После короткой остановки в По мы прибыли в Мадрид. Почему именно в Мадрид? Я никогда этого не узнала. Альфреду хотелось увезти меня в Мадрид, а мне — лишь бы быть подальше от Парижа и не слышать о Колошваре. Как только мы достигли согласия, Альфред отразил угрозы кредиторов и продолжал платить Таде жалованье директора. Таким образом я твердо решила больше не думать об этом деле.

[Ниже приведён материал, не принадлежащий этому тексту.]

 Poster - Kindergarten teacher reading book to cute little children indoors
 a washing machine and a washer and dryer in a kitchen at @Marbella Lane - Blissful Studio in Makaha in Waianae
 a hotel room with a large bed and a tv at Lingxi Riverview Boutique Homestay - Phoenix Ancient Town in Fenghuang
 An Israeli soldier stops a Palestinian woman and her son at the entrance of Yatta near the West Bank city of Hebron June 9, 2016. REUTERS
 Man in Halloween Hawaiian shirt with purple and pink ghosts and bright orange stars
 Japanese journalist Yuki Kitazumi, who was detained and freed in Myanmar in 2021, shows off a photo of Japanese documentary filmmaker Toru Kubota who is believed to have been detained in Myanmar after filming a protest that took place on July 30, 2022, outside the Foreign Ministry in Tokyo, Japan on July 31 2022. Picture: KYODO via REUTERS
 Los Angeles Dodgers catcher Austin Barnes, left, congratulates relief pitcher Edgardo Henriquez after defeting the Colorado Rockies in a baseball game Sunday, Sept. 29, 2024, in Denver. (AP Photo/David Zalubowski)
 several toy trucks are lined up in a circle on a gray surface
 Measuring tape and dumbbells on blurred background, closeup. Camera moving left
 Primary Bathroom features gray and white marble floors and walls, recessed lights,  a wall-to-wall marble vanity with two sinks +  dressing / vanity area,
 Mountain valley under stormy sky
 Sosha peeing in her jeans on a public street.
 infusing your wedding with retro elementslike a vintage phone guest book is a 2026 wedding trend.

В Мадриде мы были совершенно инкогнито и, следовательно, совершенно свободны от всех светских обязательств. Эдвардс не замедлил найти себе занятие — оно состояло в том, что он покупал мне веера. Никогда я не могла вообразить, что существует столько драгоценных вееров. Из кружев, из раковин, из золота, из слоновой кости. Были еще лакированные, были расписанные лучшими художниками XVII или XVIII века… Альфред никак не мог остановиться в своей охоте за веерами. Он все покупал и покупал, а я не могла удержать его. Когда я уставала от этих экспедиций, он отправлялся один, тщательно заперев меня на ключ в моей комнате. Так, взаперти, я проводила целые дни. Безусловно, к Эдвардсу можно было применить выражение «ревнив как тигр», и я не удивилась бы, услышав, как он рычит за моей дверью. К кому, бог мой, у него было основание ревновать в этом городе, где я абсолютно никого не знала? Но он не мог спокойно уйти, не заперев меня, как в сейфе.